Hyatt Northstar is really nice Hyatt still has to work out all the little problems like TV not working on/off, all little stuff. This resort rooms are so nice it is like walking into a 3 million dollar home here in Carmel by the Sea.

Cover parking,access to the private clubs,Breakfast,ski valet more more more.

You need to see it to believe it there is anew Hyatt in Tahoe(truckee) so watch out Hyatt Incline.


----------



## benjaminb13 (Jan 2, 2009)

Hi Carmel85? Since you have a lot of the inside track on how to get some results from Hyatt member services.  Is there anyway you can speak with someone from customer service and see if they can reinstate Deweys and my previous reservations and honor deweys current ones? I tried them earlier today and they said it was a computer glitch----AGAIN

Now there are no more reservations. I am left with cancelled reservations and fees to pay.

Now that we verified that your friend has actually used cUP reservations and stayed at the resort, It sure seems like  they are trying to play a game with us. I cant seem to get anywhere with them. I know you have always fought the good fight for us with HYATT.
Can you try and pressure them into giving us some real info?  It would be a real travesty if more Hyatt owners were to make online reservations only to be denied and have to pay fees.

I feel they will be more forthright with you because of who you know, much more than they would be with us. An email from them confirming "whatever" would be nice.

Thanks pal
Benj

Hopefully you can help us resolve this issue once and for all.


----------



## Carmel85 (Jan 2, 2009)

Benji,

Dewey called a good fried of mine the same person I sent you a PM about I would call him ASAP NOW.

Your reservation should not have been changed then you should not have had to pay to cancel?

Does not make since if your did not have a CUP reservation how could they charge you for one? On top of they how could you have payed to cancel it? DOES NOT MAKE SINCE!!!

Again my friend got and stayed over NEW YEARS NORTHSTAR using CUP points. Actually there was even 2 reservations made.

Dewey is set for his new reservation that he just made in the past 5 days his older reservation are GONE he made those before the resort was even open.

Hyatt Northstar officially OPENS January 16th 2009 (FRIDAY)

Remember all weeks at Northstar are FRIDAY to FRIDAY.


----------



## benjaminb13 (Jan 3, 2009)

Carmel85 said:


> Benji,
> 
> Dewey called a good fried of mine the same person I sent you a PM about I would call him ASAP NOW.
> 
> ...



Hi CARMEL85,
Just got back in, 
Anyway I had to cancel 2 previous reservations to make room for the 2000 pt reservation at Northstar for end June.
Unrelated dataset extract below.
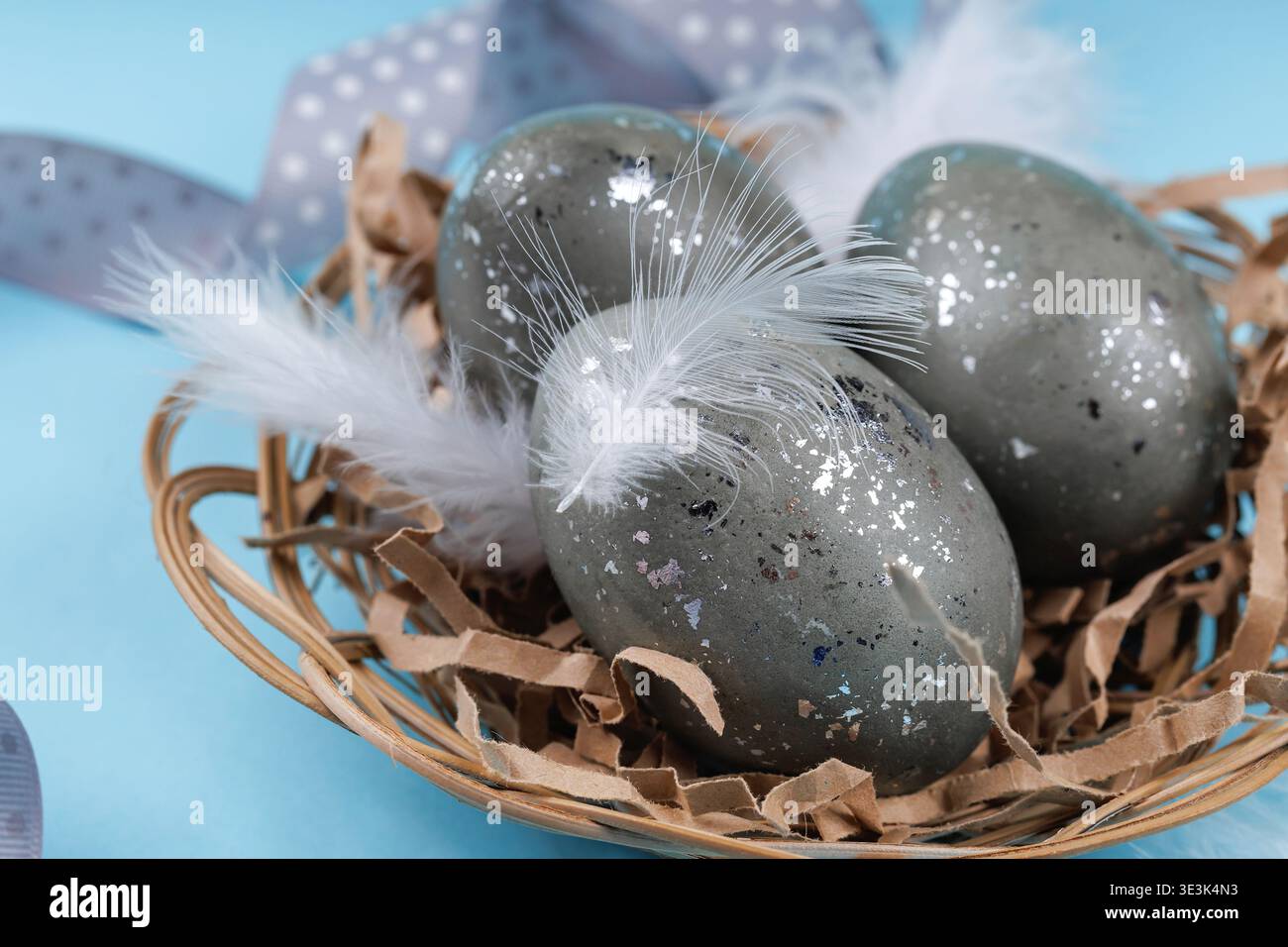 Close up Easter eggs with feathers in nest on blue background Stock Photo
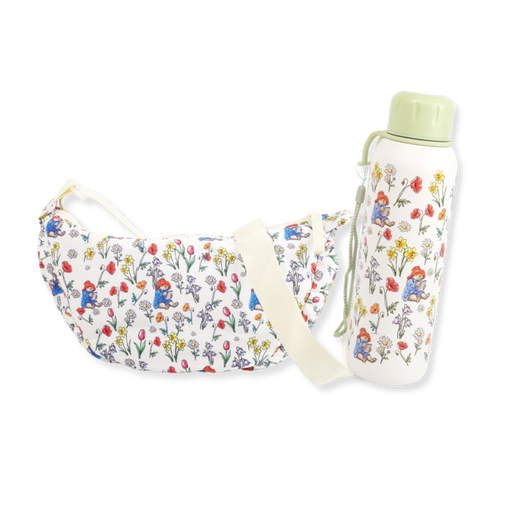 A matching floral print moon bag and water bottle set. The white fabric crossbody bag features a colorful print of paddington bear and wildflowers, with a cream shoulder strap.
When I called 1800 GOHYATT they refused to allow me to complete the reservation.


----------



## Carmel85 (Jan 4, 2009)

Benji and other Hyatt owners,


If you see a cup or lcup opening at Northstar book it ASAP. These dates open and close very quickly.

I personally know 2 people under 2 different reservation that have stayed at Northstar using their CUP points.

February 9,10, 2009 in a 3 bedroom units was open today.

Also look under the owners discount reservations look at all those dates yes you have to pay some $$$ but there are some great rates for ski season.

C85


----------